Print out the data below in full, exactly as written.

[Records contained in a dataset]
=======
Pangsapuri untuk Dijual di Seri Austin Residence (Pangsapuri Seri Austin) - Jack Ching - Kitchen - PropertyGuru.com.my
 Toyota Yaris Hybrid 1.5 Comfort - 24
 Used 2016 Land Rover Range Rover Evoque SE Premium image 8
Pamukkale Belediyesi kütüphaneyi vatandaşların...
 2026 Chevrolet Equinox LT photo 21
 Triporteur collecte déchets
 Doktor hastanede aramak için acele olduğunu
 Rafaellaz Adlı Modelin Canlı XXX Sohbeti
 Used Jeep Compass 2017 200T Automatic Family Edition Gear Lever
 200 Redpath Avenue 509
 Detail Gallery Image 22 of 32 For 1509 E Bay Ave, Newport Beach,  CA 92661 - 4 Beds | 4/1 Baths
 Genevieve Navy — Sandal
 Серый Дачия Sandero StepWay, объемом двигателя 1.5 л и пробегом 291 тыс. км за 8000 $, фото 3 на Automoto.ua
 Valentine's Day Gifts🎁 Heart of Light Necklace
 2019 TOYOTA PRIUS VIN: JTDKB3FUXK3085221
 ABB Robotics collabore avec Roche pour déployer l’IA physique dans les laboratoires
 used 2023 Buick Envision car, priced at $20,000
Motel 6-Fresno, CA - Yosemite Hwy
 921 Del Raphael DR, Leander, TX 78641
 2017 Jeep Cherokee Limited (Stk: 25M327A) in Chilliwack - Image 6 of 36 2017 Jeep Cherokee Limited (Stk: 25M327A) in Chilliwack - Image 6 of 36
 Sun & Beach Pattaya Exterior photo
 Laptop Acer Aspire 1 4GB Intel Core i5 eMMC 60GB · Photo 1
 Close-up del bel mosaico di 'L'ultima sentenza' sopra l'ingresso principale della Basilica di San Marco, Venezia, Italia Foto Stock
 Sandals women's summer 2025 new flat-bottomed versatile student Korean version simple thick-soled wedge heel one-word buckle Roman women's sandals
=======
**Written answer**
Pangsapuri untuk Dijual di Seri Austin Residence (Pangsapuri Seri Austin) - Jack Ching - Kitchen - PropertyGuru.com.my
 Toyota Yaris Hybrid 1.5 Comfort - 24
 Used 2016 Land Rover Range Rover Evoque SE Premium image 8
Pamukkale Belediyesi kütüphaneyi vatandaşların...
 2026 Chevrolet Equinox LT photo 21
 Triporteur collecte déchets
 Doktor hastanede aramak için acele olduğunu
 Rafaellaz Adlı Modelin Canlı XXX Sohbeti
 Used Jeep Compass 2017 200T Automatic Family Edition Gear Lever
 200 Redpath Avenue 509
 Detail Gallery Image 22 of 32 For 1509 E Bay Ave, Newport Beach,  CA 92661 - 4 Beds | 4/1 Baths
 Genevieve Navy — Sandal
 Серый Дачия Sandero StepWay, объемом двигателя 1.5 л и пробегом 291 тыс. км за 8000 $, фото 3 на Automoto.ua
 Valentine's Day Gifts🎁 Heart of Light Necklace
 2019 TOYOTA PRIUS VIN: JTDKB3FUXK3085221
 ABB Robotics collabore avec Roche pour déployer l’IA physique dans les laboratoires
 used 2023 Buick Envision car, priced at $20,000
Motel 6-Fresno, CA - Yosemite Hwy
 921 Del Raphael DR, Leander, TX 78641
 2017 Jeep Cherokee Limited (Stk: 25M327A) in Chilliwack - Image 6 of 36 2017 Jeep Cherokee Limited (Stk: 25M327A) in Chilliwack - Image 6 of 36
 Sun & Beach Pattaya Exterior photo
 Laptop Acer Aspire 1 4GB Intel Core i5 eMMC 60GB · Photo 1
 Close-up del bel mosaico di 'L'ultima sentenza' sopra l'ingresso principale della Basilica di San Marco, Venezia, Italia Foto Stock
 Sandals women's summer 2025 new flat-bottomed versatile student Korean version simple thick-soled wedge heel one-word buckle Roman women's sandals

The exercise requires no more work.